Does my employer have to pay me while I’m on jury duty?

That is between you and your employer. The Court cannot control that. The Court can provide you with a certificate to document your service if your employer needs one.

How do I call in to know if I am needed?

The call-in number is 513-483-4864. You should call this number each day to see if you are needed on the following day. You are required to check the recorded message daily after 5:00 PM to listen for your juror number. You may begin calling for your first message the Friday before you begin. Do not report unless your juror number is listed on the recording. If you serve on or are excused from one case, you must still call in daily for your next assignment.

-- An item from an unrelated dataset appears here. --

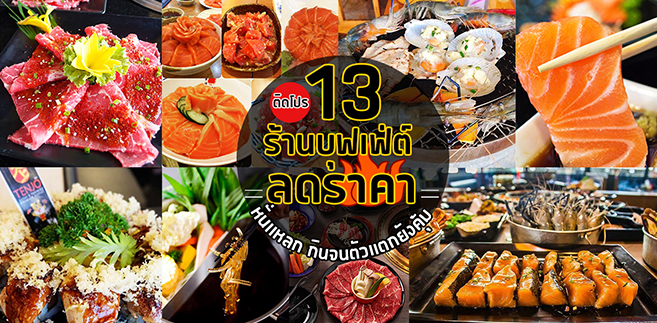 13 ร้านบุฟเฟ่ต์หั่นราคา ติดโปรลดเเหลกกินจนตัวเเตกก็ยังคุ้ม สายบุฟตัวจริงต้องไม่พลาด!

What is a grand jury? Am I on it?

A grand jury is completely different from a petit or trial jury. A grand jury sits periodically to hear evidence to determine whether or not a crime has been committed and if so, who should be charged with that crime. If your jury summons does not specifically say “grand jury”, you are being called for trial jury service.

When is court in session each day?

The normal hours for the Court to be open for business are 8:00 AM to 4:30 PM. Each judge will set the actual time when trials will start and end in their courtrooms each day.

If there is an emergency at home, how would my family reach me?

In a genuine emergency, your family can call the jury commission office at 513-732-7596.

Will I be allowed to take notes or ask questions if I am seated as a juror?

It is up to each individual judge to make a decision whether to allow note taking or jury questions depending on the circumstances of each trial.

I need to be excused from jury service. How do I do that?

State law defines the circumstances when a person can be excused. These recognized excuses are listed on your questionnaire. Jurors seeking to be excused prior to their assigned week must also include a letter of explanation for the Jury Commission Board to review. The Board meets weekly to review the requests. For situations not specifically listed on the optional excuses such as college students, childcare issues and military personnel serving out of state, it is recommended that the letter state “Jury service would cause extreme physical or financial hardship” and attach a letter of explanation. Jurors can write their own letters of explanation but are also welcome to include letters from employers and/or school. The letter seeking to be excused should include enough information for the Board to make a decision.

Personnel in the Jury office do not have the authority to consider requests to be excused.